#### [RECORD SET]

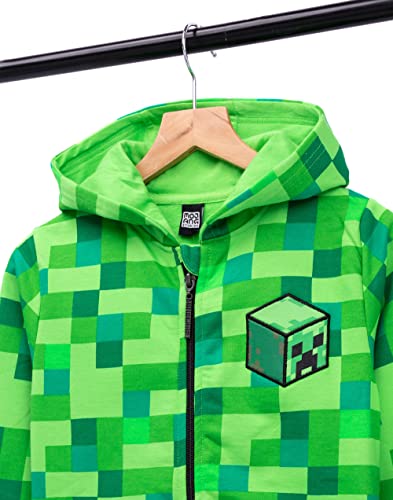 Minecraft Childrens/Boys Creeper Character Hoodie (7-8 Years) Green #TOP5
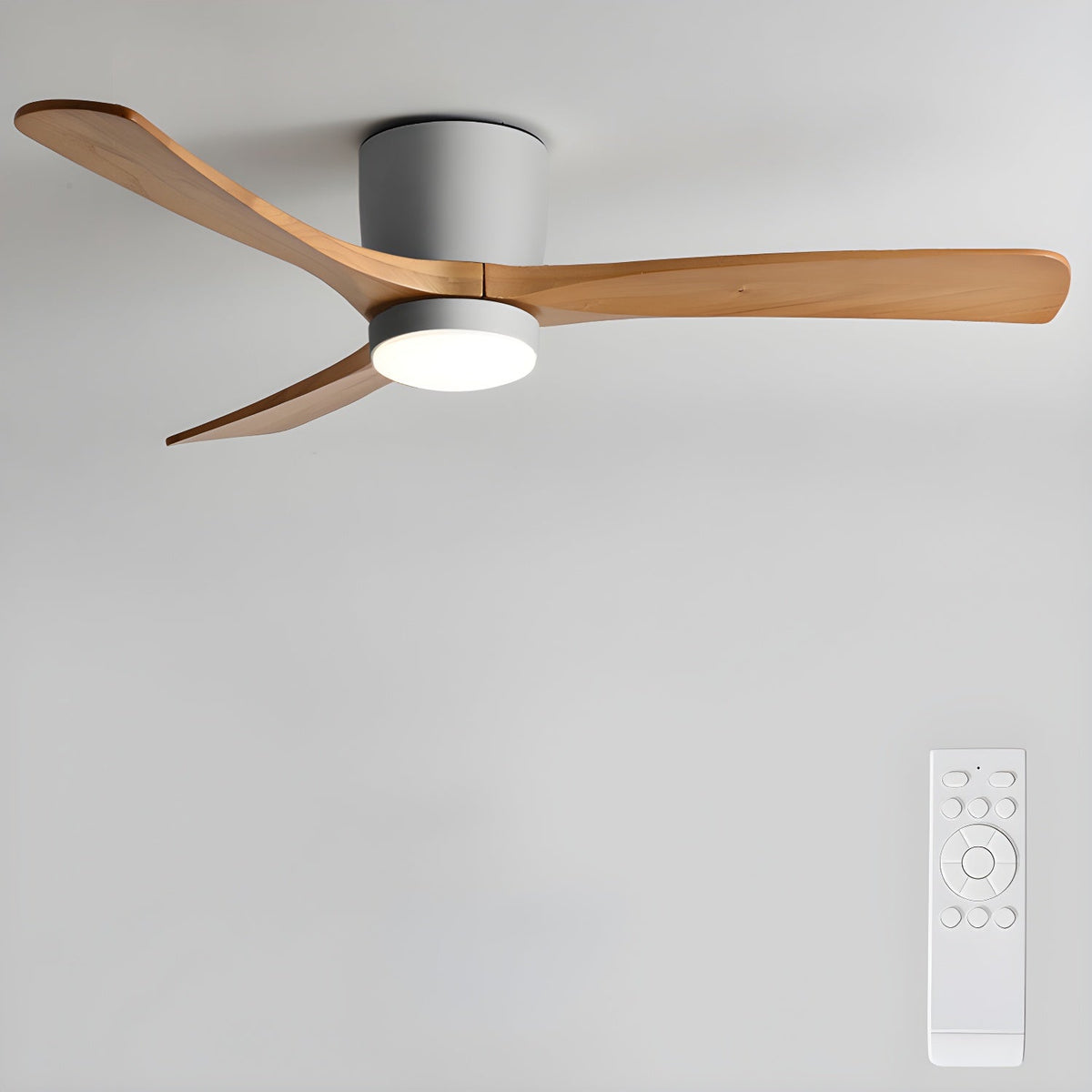 Nordic Wooden Ceiling Fan Light with Remote LED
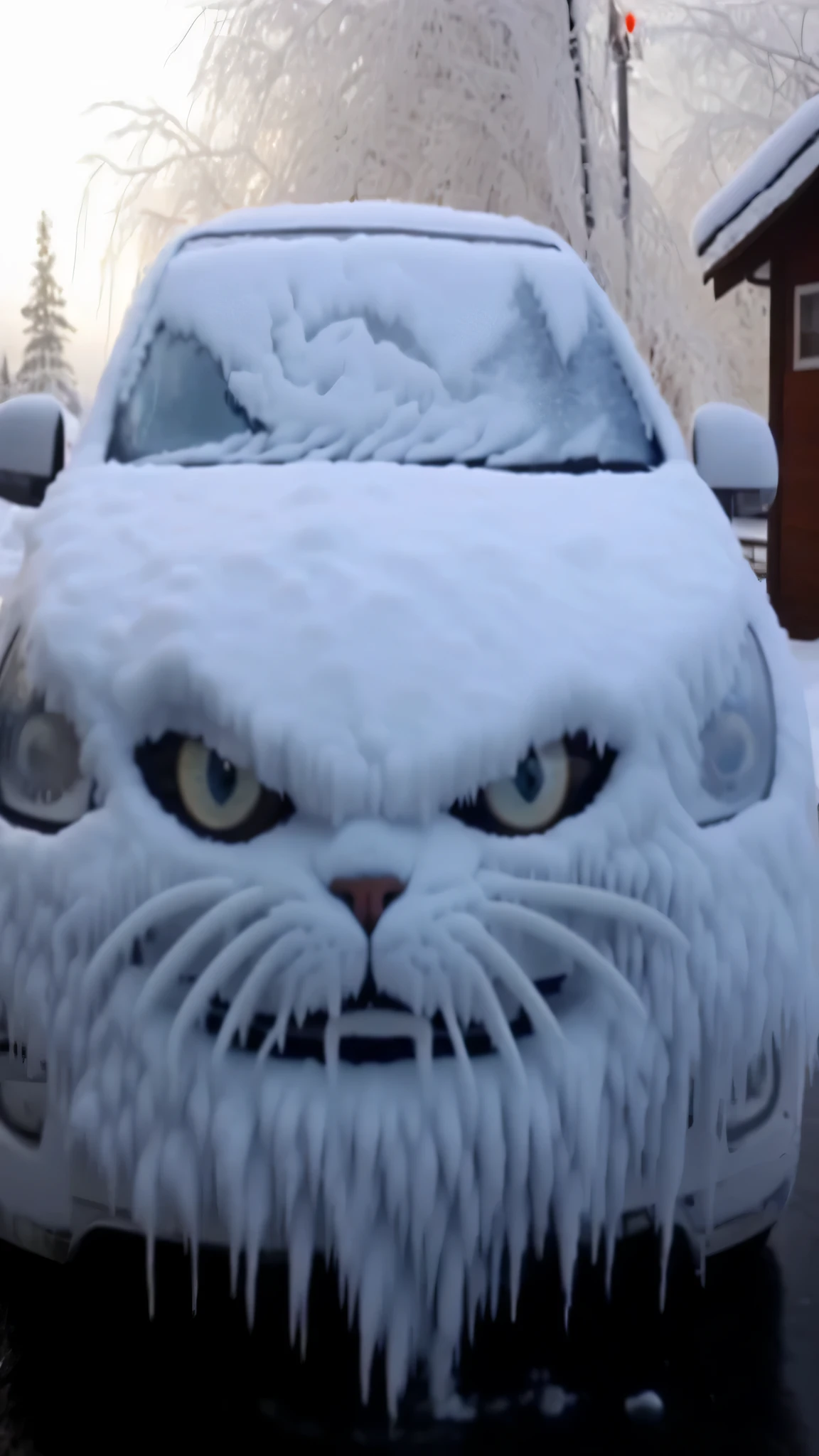 arafed car covered in ice with a cat face on the front, eyes cold, Sharp and terrifyingly cold, covered in ice, cold white eyes, icy look in the eye, angry cat, Demon cat, threaten!, looks fierce, threaten!!!, extremely cold, frown, threaten look, GPU runningBrrr, Everything is made of ice, freezing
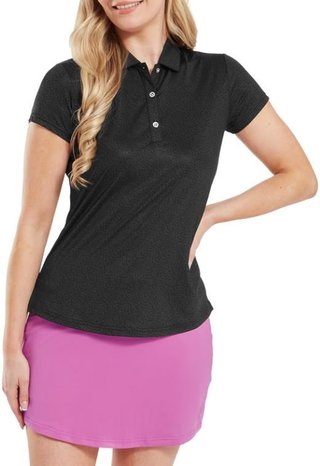 FootJoy Animal Print Cap Sleeve polo femme, noir
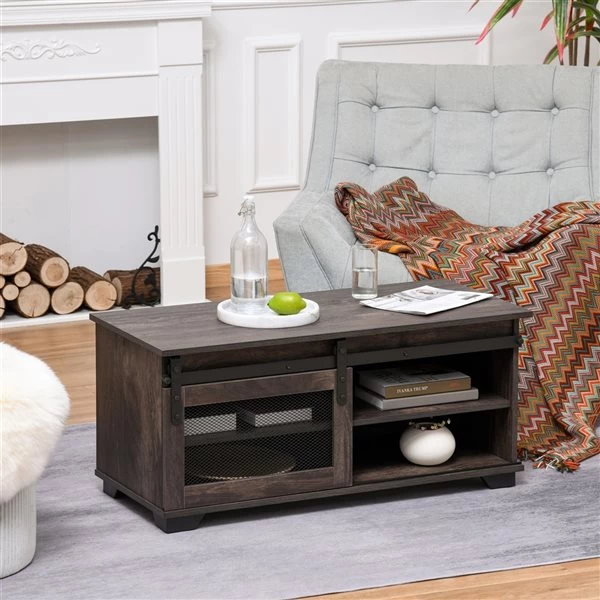 Table basse en composite brun par HomCom avec porte de grange coulissante 2 Table basse en composite brun par HomCom avec porte de grange coulissante – Image 2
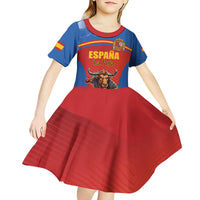 Custom Spain Football Go Champions Kid Short Sleeve Dress Sporty Style with Bull Mascot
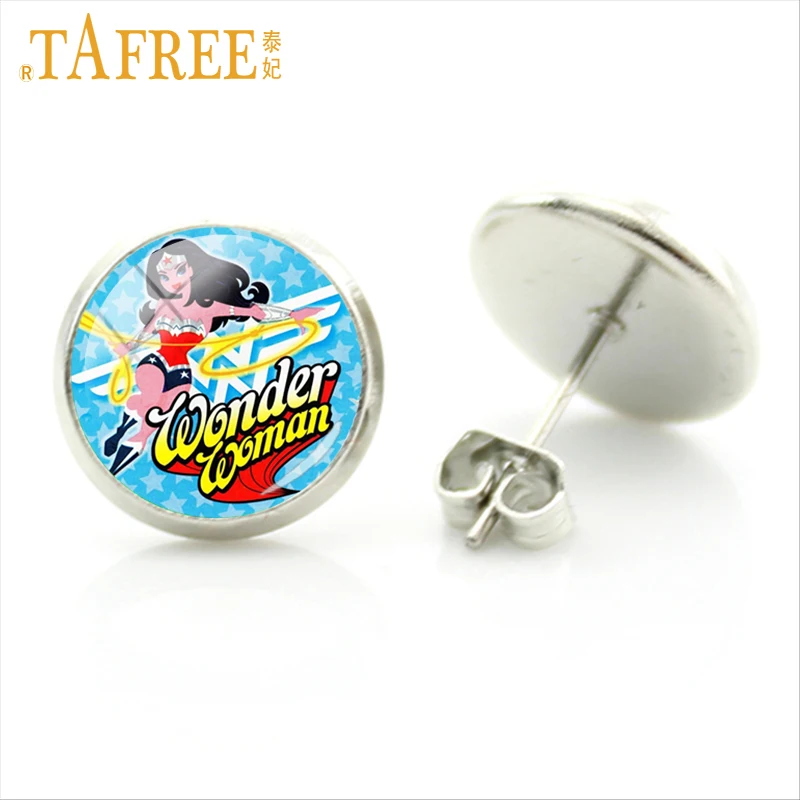 

TAFREE Wonder Women stud earrings 2017 New Fashion Earrings Rhodium Plated send for best friend birthday gift jewlery H687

#### [DIRECTIONS]
Starting at the line that contains "Custom Spain Football", restate each line verbatim through the final line of the listing, skipping all pictures.

#### [RESULT OF THE EXERCISE]
 Custom Spain Football Go Champions Kid Short Sleeve Dress Sporty Style with Bull Mascot

TAFREE Wonder Women stud earrings 2017 New Fashion Earrings Rhodium Plated send for best friend birthday gift jewlery H687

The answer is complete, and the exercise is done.